A good starting point is the core principles that are critical to success. A key one, (learned from John Kotter of Harvard Business School), is often called The Natural Order of Things. It can be illustrated simply with the following:
Beliefs -> Thoughts -> Feelings -> Behaviours -> Results
This explains how what we believe determines how we think; what we think determines how we feel (morale); what we feel determines how we behave; and our behaviour determines our results (performance and/or outcomes). This makes clear why so many customer service training programmes fail to achieve the desired long term results. Training courses address behaviours (how things should be done), but there’s little or no point in trying to change these if the highly influential feelings, thoughts and beliefs are not what they need to be for success.
So to implement a successful change programme, with Service Excellence as the outcome, the starting point should be the Beliefs (Shared Worthwhile Goals, Values and Principles) that exist throughout the organisation. The beliefs an organisation holds generally emanate from its leaders, so theirs are especially important. If they are wrong, or not aligned, then any service programme will probably fail. As Professor Edgar H Schein of the MIT Sloan School of Management explained in his book ‘Organisational Culture and Leadership’, what has the biggest influence on the culture (and therefore the behaviour) of any organisation is:
· What Leaders pay attention to, measure and control on a regular basis.
· How Leaders react to critical incidents and organisational crises.
· How Leaders allocate scarce resources.
· Deliberate role modelling, teaching and coaching by Leaders.
· How Leaders allocate rewards and status.
· How Leaders recruit, select, promote and excommunicate organisational members.
So leaders’ beliefs, thoughts, feelings and behaviours are critical to the success of any organisational initiative or programme. A few questions to consider relating to this and the implementation of Service Excellence are:
· Do the leaders believe that service excellence will enable the achievement of strategic goals?
· Do leaders believe that the provision of the necessary resources to deliver service excellence will be a good investment that will provide a good return?
· Are leaders prepared to build their own knowledge of the subject of service excellence and how it is delivered?
· Are leaders prepared to demonstrate daily the behaviours that will be expected from others to deliver service excellence?
· Will leaders spread a consistent positive message to all people they meet and are responsible for throughout the organisation?

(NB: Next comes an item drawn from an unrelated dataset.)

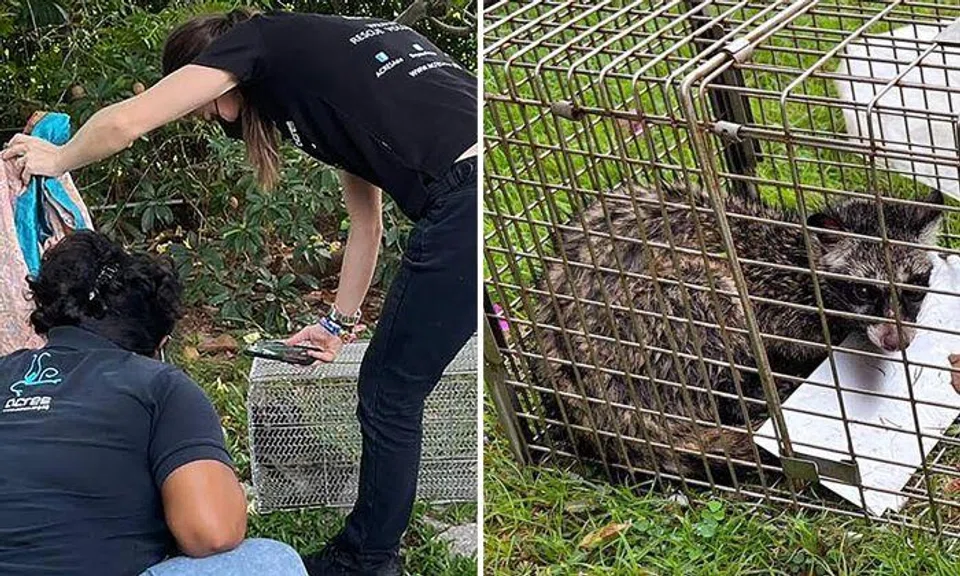 Photos: Shin Min Daily News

Another core principal is one from Dr Stephen Covey, the author of the book ‘The Seven Habits of Highly Effective People’. That is that Trust is the vital element in all relationships, and that trust is earned through demonstrating trustworthiness, which has two core elements. These are Competence – the ability to do what it is that we wish to be trusted to do, and Character – the ability to do it in a way that makes a person to person connection and creates a strong emotional bond. This perfectly matches the research and latest thinking from Saatchi and Saatchi. In his book ‘Lovemarks – The Future Beyond Brands’ Kevin Roberts, their Worldwide CEO, explains how they believe that the key goals for any world class business should be to earn their customers’ Respect (which you get from demonstrating great competence) and Love (the emotional connection which you get from demonstrating great character).
Competence (and the Respect that follows) is relatively straightforward to achieve in a business; it just needs great systems, processes, training and experience. You could call this the efficiency of the organisation. However the Character element (and the emotional bonds it can create) presents different and more difficult challenges. This is the outside-in view of the culture of an organisation, and it is very difficult to create and even harder to change. It is the sum total of the individual characters of all the employees. The character of any individual is extremely hard to change - some would say almost impossible - soto change the character of a group of people is a tall order. This effectively means that if you don’t already have the people with the kind of character needed to deliver the service you require, it is going to be very difficult to change their behaviours enough to make a worthwhile difference.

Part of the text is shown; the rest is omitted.